Malgrado la presa di posizione dell’Agenzia, si tratta di atti molto spesso impositivi e non liquidatori

Di Giorgio INFRANCA e Pietro SEMERARO

La circolare n. 10 del 15 maggio 2019 contiene diverse indicazioni relative all’individuazione dell’oggetto delle liti definibili (oltre a chiarimenti su determinazione degli importi dovuti in specifiche fattispecie, sospensione delle controversie definibili, definizione delle liti relative a società e associazioni dilettantistiche).
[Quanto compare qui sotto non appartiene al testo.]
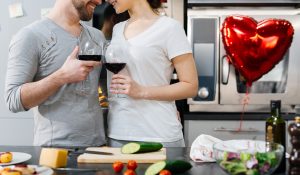 Amorous couple toasting with red wine while cooking breakfast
Nell’individuare l’oggetto delle liti definibili, per la prima volta nella ormai lunga storia dei documenti di prassi inerenti alle procedure di condono fiscale, l’Agenzia delle Entrate ha preso specificamente posizione anche con riferimento alle liti relative agli avvisi di liquidazione dell’imposta di registro dovuta per la registrazione degli atti giudiziari.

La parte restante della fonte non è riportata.